**Information provided**
============================================================

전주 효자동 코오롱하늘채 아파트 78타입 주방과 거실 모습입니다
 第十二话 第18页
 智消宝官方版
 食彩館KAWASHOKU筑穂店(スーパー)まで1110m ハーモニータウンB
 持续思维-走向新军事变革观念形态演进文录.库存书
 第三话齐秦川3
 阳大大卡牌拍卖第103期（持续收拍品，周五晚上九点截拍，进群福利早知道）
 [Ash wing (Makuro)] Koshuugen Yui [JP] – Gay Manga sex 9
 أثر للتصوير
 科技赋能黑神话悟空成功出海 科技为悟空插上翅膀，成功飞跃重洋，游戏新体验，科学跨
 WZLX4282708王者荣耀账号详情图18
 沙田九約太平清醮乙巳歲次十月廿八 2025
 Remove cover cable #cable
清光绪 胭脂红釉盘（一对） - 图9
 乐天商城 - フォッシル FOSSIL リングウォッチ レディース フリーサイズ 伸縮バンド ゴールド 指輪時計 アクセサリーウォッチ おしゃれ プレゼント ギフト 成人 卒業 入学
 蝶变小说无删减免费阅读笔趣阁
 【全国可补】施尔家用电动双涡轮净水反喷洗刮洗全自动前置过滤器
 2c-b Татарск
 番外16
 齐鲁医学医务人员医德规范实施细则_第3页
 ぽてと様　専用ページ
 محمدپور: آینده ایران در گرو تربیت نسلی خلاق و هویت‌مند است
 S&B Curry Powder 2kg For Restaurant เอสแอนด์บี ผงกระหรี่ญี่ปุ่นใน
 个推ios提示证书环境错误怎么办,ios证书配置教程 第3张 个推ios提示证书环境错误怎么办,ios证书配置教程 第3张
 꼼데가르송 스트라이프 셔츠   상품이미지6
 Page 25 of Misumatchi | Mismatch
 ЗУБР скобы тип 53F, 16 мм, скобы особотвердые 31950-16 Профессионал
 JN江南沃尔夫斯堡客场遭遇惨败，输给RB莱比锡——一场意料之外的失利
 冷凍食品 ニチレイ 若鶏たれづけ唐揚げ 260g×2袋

============================================================

One inclusive range is required: first line of the data through the line containing "أثر للتصوير". Set it down exactly and output nothing else.

**Output for this exercise**
전주 효자동 코오롱하늘채 아파트 78타입 주방과 거실 모습입니다
 第十二话 第18页
 智消宝官方版
 食彩館KAWASHOKU筑穂店(スーパー)まで1110m ハーモニータウンB
 持续思维-走向新军事变革观念形态演进文录.库存书
 第三话齐秦川3
 阳大大卡牌拍卖第103期（持续收拍品，周五晚上九点截拍，进群福利早知道）
 [Ash wing (Makuro)] Koshuugen Yui [JP] – Gay Manga sex 9
 أثر للتصوير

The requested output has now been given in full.